The north-and-south road at the place of the accident and north and south thereof was then and had been prior thereto an arterial road and was protected by stop signs erected on roads intersecting with it. Appellee and the public traveling on the north-and-south road believed that it was a favored highway protected by stop signs requiring all traffic entering it from the east and the west to stop before doing so.

The stop sign on the west of the intersection at Stone Corner was on December 28, 1956, and had been for a short time prior thereto knocked down and displaced and it was and had been in that condition without notice to or knowledge of appellee or others using the north-and-south road. It was known to Thomas William Crook before and on that date that the north-and-south road was a favored road protected by stop signs as aforesaid. He knew the stop sign on the west side of Stone Corner was displaced but he also knew that appellee and others traveling on the favored highway would assume that vehicles on the east-and-west road would stop before they or any of them would enter the intersection at Stone Corner.

The automobile operated by Thomas William Crook was not stopped before it entered the intersection and it was negligently driven against and into the truck of appellee therein. The collision of the vehicles and the injuries to and disability of appellee were caused by the negligence of Thomas William Crook which con *689 sisted of his failure: To yield the right-of-way to appellee who had first entered the intersection and was then traveling on a favored highway; to stop before he entered the intersection; to maintain a speed that was reasonable andj proper -under the circumstances and that was not in excess of 60 miles per hour; to have his automobile under reasonable control; to keep a proper lookout for other traffic on the highway; and to exercise care and caution in approaching and entering the intersection. Appellee because of the negligence of Thomas William Crook suffered serious injuries and permanent disability. The truck of appellee was destroyed and he asked damages from appellant in a specified amount.

Appellant by answer admitted the ownership of the Buick automobile by him and that it was on December 28, 1956, at about 1:40 p. m. operated by his son upon an east-and-west road in Richardson County; admitted the ownership of the truck as stated by appellee which he was operating at that time in a southerly direction on a north-and-south road in the named county; and admitted that the vehicles were at the time approaching an intersection about 5 miles northeast of Falls City known as Stone Corner. Appellant therein asserted that the Buick automobile entered the intersection first; that appellee carelessly and negligently drove his truck upon and against the automobile of appellant; and that the negligence of appellee, detailed in the answer, was the cause of any injuries or damages he sustained because of the collision of the vehicles.

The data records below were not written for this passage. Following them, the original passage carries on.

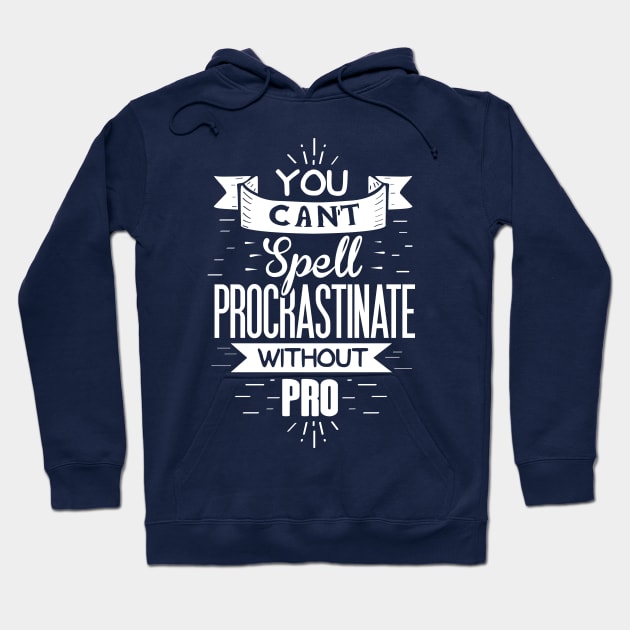 Procrastinate without pro Hoodie by Piercek25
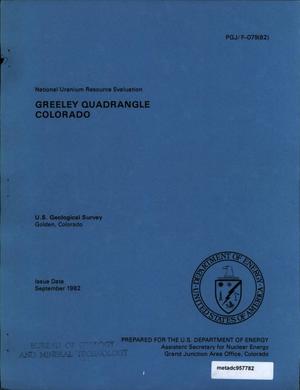 National Uranium Resource Evaluation: Greeley Quadrangle, Colorado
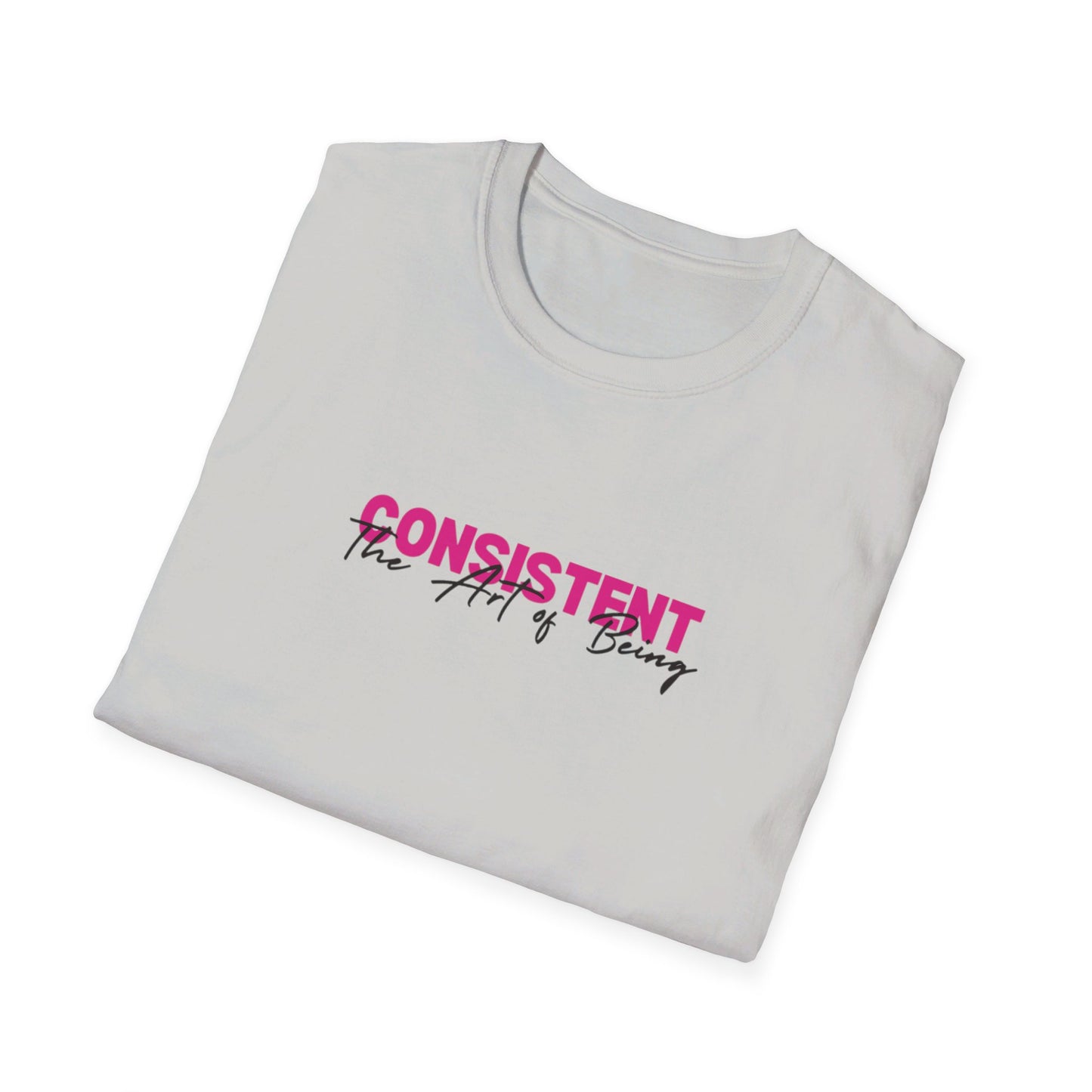 The Art of Being Consistent Unisex Softstyle T-Shirt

This appeal is from the order of the trial court which denied the motion of appellant for judgment notwithstanding the verdict or, in the alternative, for a new trial.

The record contains evidence tending to establish the following matters: Appellant was on December 28, 1956, the owner of the Buick automobile involved in the accident which is the occasion of this litigation. *690 It was owned and maintained by him for the use, benefit, convenience, and pleasure of his family. A son of appellant then lived in the family home and was 18 years of age. He was operating the automobile of his father for a family purpose for which it was owned and maintained and with the consent and knowledge of his father at the time of the accident which happened at an intersection known as Stone Comer.

The home of appellee was northeast of Barada. He was operating a Ford truck, which will be designated the truck, on a north-and-south county graveled road in a southerly direction north of its intersection with an east-and-west highway at a location known as Stone Comer about 5 miles northeast of Falls City on the afternoon of December 28, 1956. It was a clear, dry day. The intersecting highways were each 30 feet between the shoulders and each was in good condition. The territory at and surrounding the intersection known as Stone Comer was level and free of obstructions to vision. A traveler from the north or from the west had a clear view for a quarter of a mile of the road west and of the road north, respectively, of the intersection.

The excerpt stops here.